I've Googled this for about 6 hours total, but nothing clicks. I don't have enough information to know what I'm searching for exactly...
I read a while back that the British had complete naval dominance at some point in history (colonial era I guess), and that most other countries didn't bother building up their navies because the British would just crush them in any fight.
Except that one country figured out that they didn't need to win in a fight, they just had to be able to cause enough damage where the British wouldn't mess with them. This was called the "harm principle" or "harm strategy" or something like that?
Not sure if this was the British or Spanish, but you get the general idea.

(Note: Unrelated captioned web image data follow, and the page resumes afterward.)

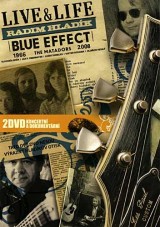 DVD Film - Blue Effect - Live & Life 1966 - 2008
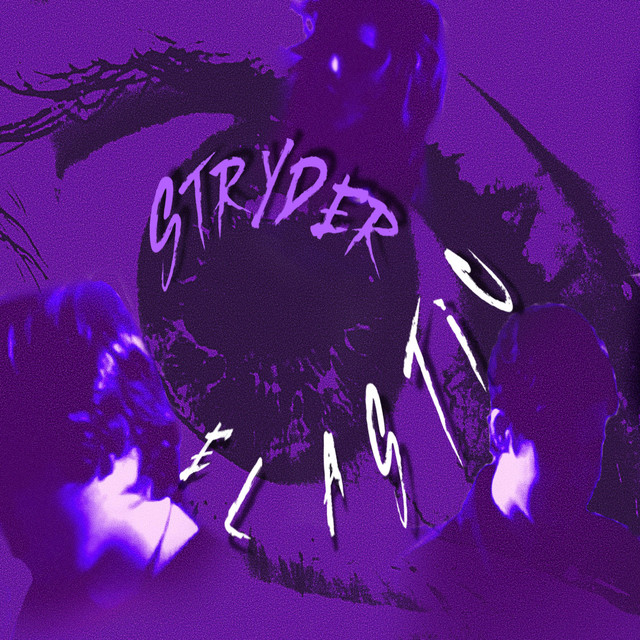 Elastic cover art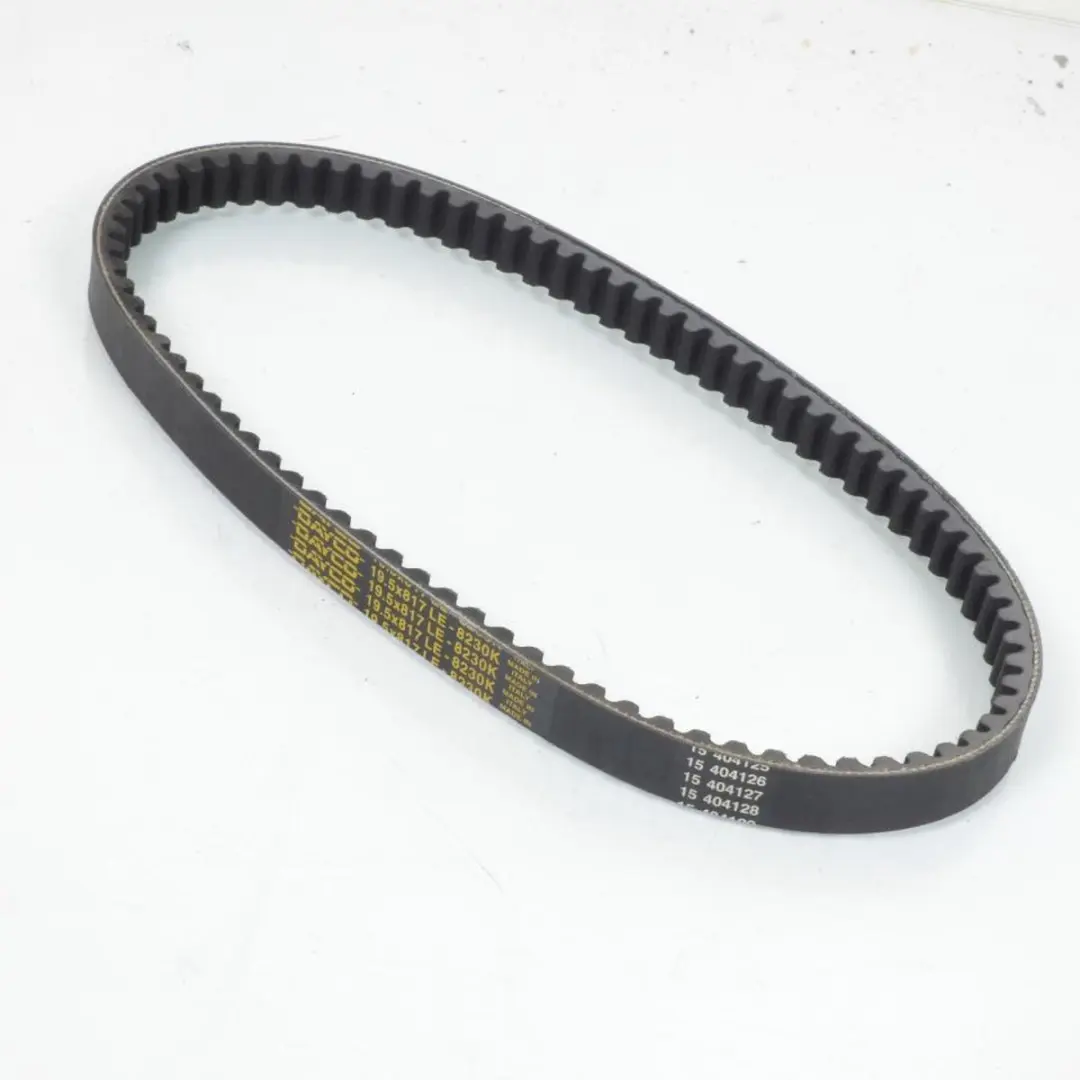 Courroie de transmission Dayco pour Scooter Sym 150 VS 2006 à 2013 8230K / 19.5
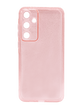 TPU чохол Nova для Samsung S25+ pink Full Camera
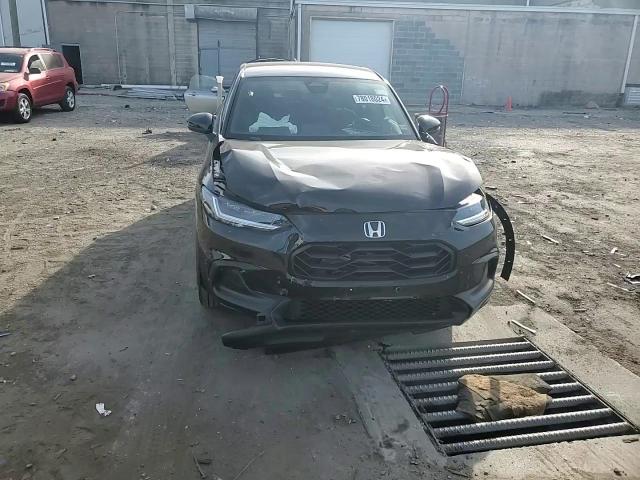 2023 Honda HR-V VIN 3CZRZ1H50PM743312 Copart auction photo, front end / minor dent/scratches damage thumbnail 12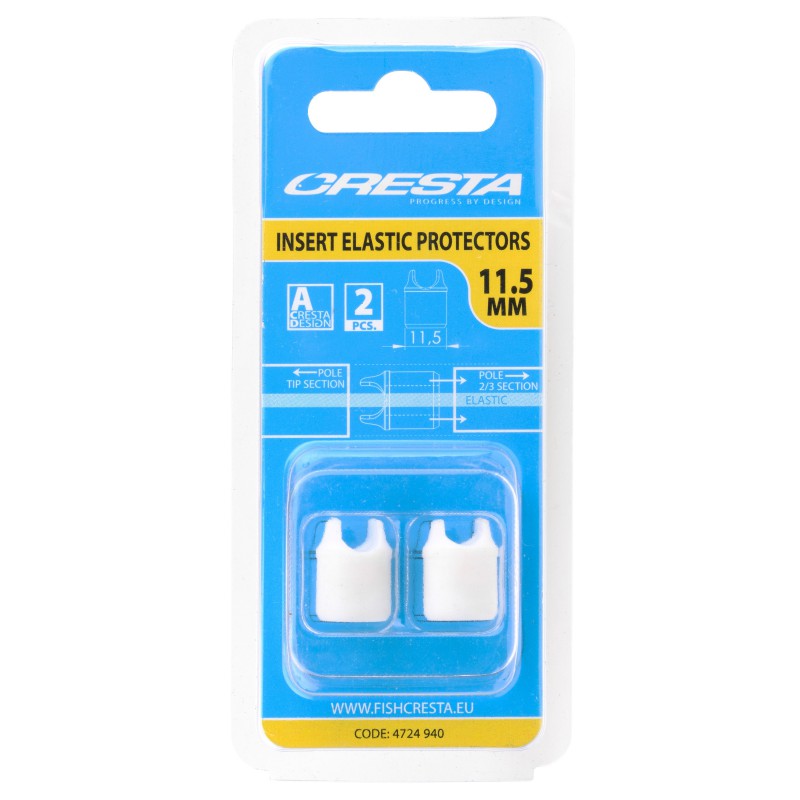 Cresta Insert Elastic Protectors 11.5 mm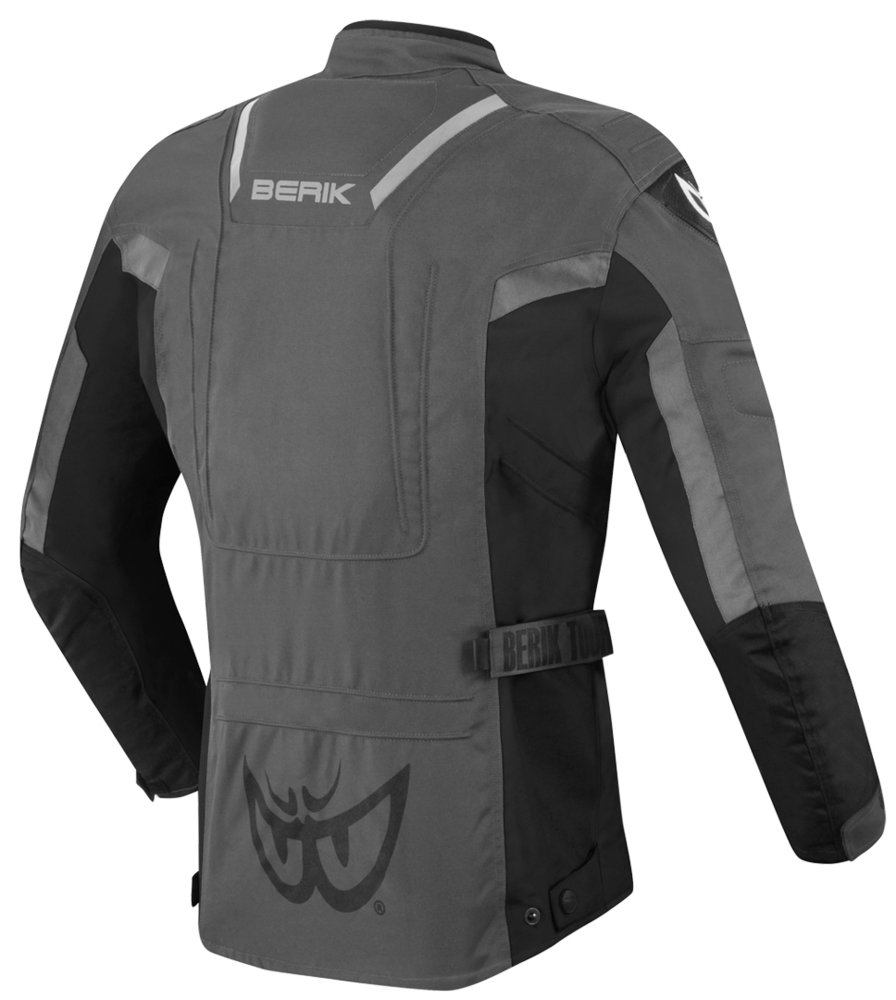 Berik Tourer Waterproof Motorcycle Textile Jacket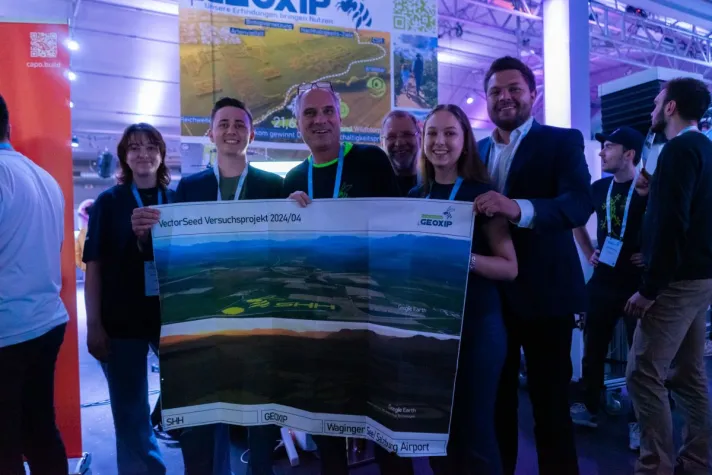 Bild: Startup Aktionär werden - dabei sein - HighTech und Nachhaltigkeit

You are thinking of the 'Risk Theory', proposed by the German Admiral Tirpitz. Tirpitz developed 'Risk Theory' to justify his build-up of the German Navy in the late 1800s and early 1900s. It was first spelled out in full in the preamble to the second Navy Law in 1900. Authored by Tirpitz, the bill called for a rough doubling of the fleet laid out by the first Navy Law, of 1897 (going from two battle squadrons to four). The preamble stated that "To protect Germany's sea trade and colonies in the existing circumstances, there is only one means: Germany must have a battlefleet so strong that even for the adversary with the greatest seapower a war against it would involve such dangers as to imperil his own position in the world'. This was a clear statement of the concept; that the German navy must be large enough to be able to break British naval supremacy, even if Germany would not directly benefit from that breakage. By doing so, it would deter Britain from any action against Germany, its trade, or its colonies.
It's hard to tell how much this was a serious concept. It was widely accepted amongst the German Navy, to the point where many seamen accepted their likely deaths in action as the price of defeating the Royal Navy. However, Tirpitz was largely concerned with building up the German Navy to its own end, not with defeating the Royal Navy. The German parliament, the Reichstag, would need significant convincing to pass the bills necessary to fund the vast naval construction Tirpitz wanted. Risk theory served as a means of defence against two counterarguments; firstly, the argument that a naval buildup would increase tensions with Britain, possibly to the point of war, and secondly that Germany could not afford to build a fleet that could dethrone the Royal Navy's primacy. Tirpitz would advance other arguments in favour of a naval buildup, largely concerned with the industrial effects of building a large fleet. There was also little need to prevent Britain from involvement in a European war; Britain's army was too small to be an effectve threat to Germany.